Problem to work on
Print every line of the material below exactly as it stands, but omit the pictures.

Data provided
= = = =
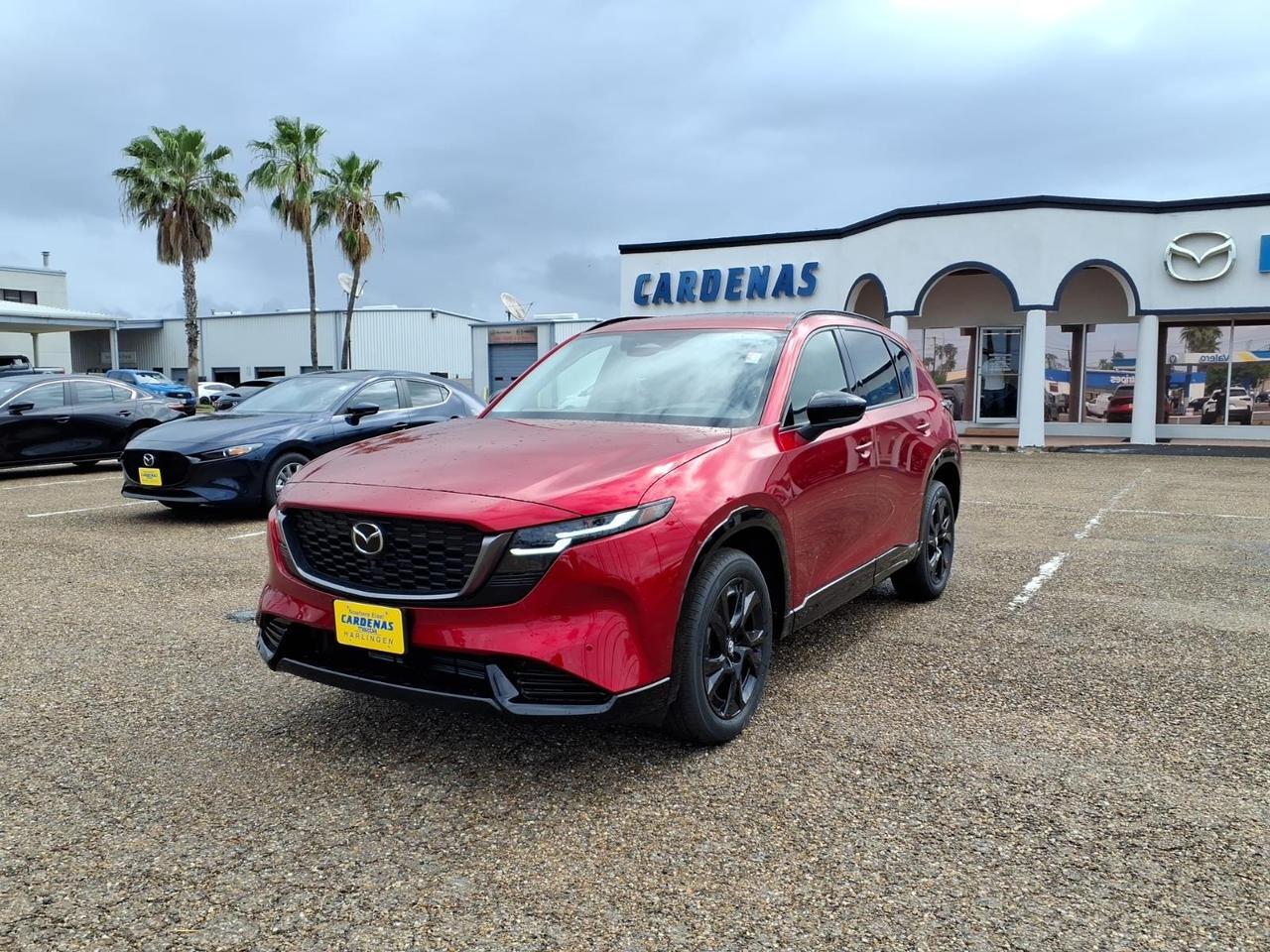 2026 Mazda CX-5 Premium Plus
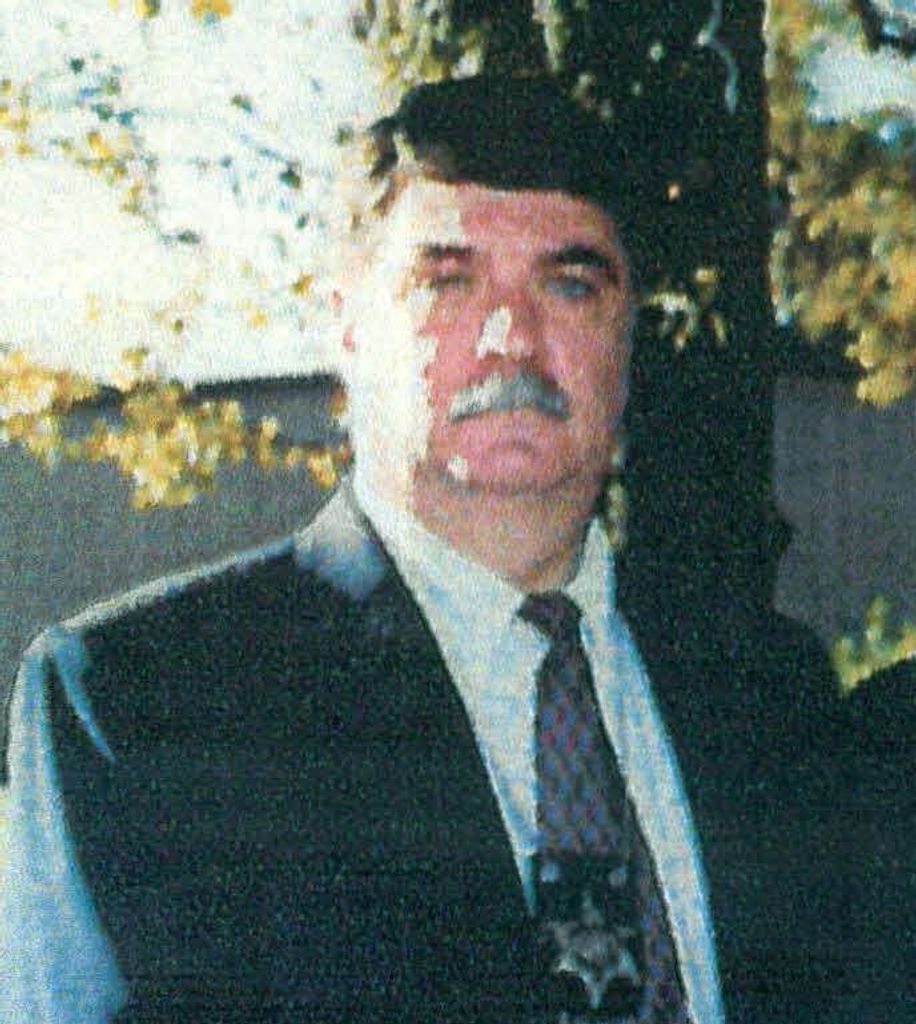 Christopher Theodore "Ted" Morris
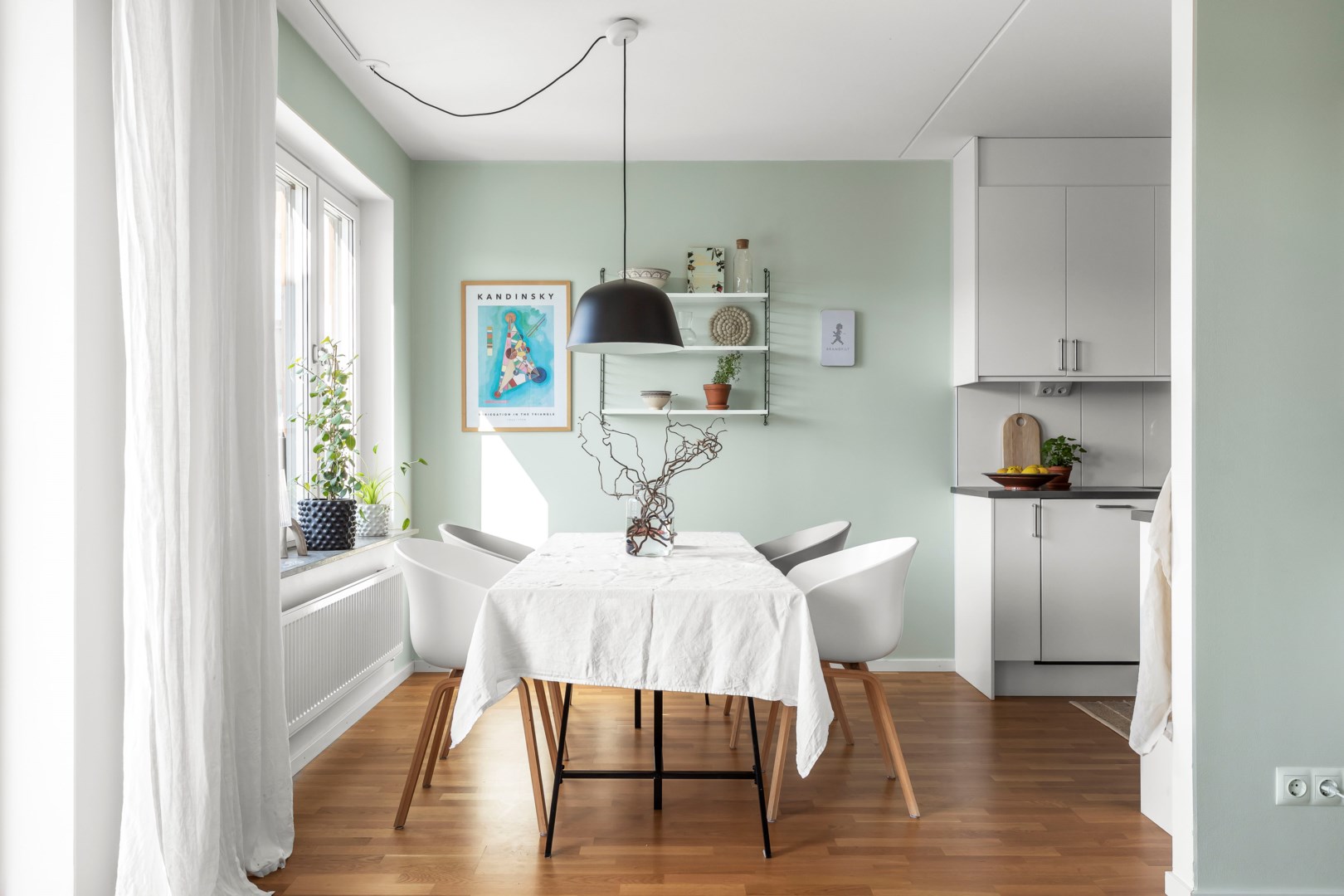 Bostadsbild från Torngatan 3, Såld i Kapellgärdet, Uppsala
= = = =
Response below
 2026 Mazda CX-5 Premium Plus
 Christopher Theodore "Ted" Morris
 Bostadsbild från Torngatan 3, Såld i Kapellgärdet, Uppsala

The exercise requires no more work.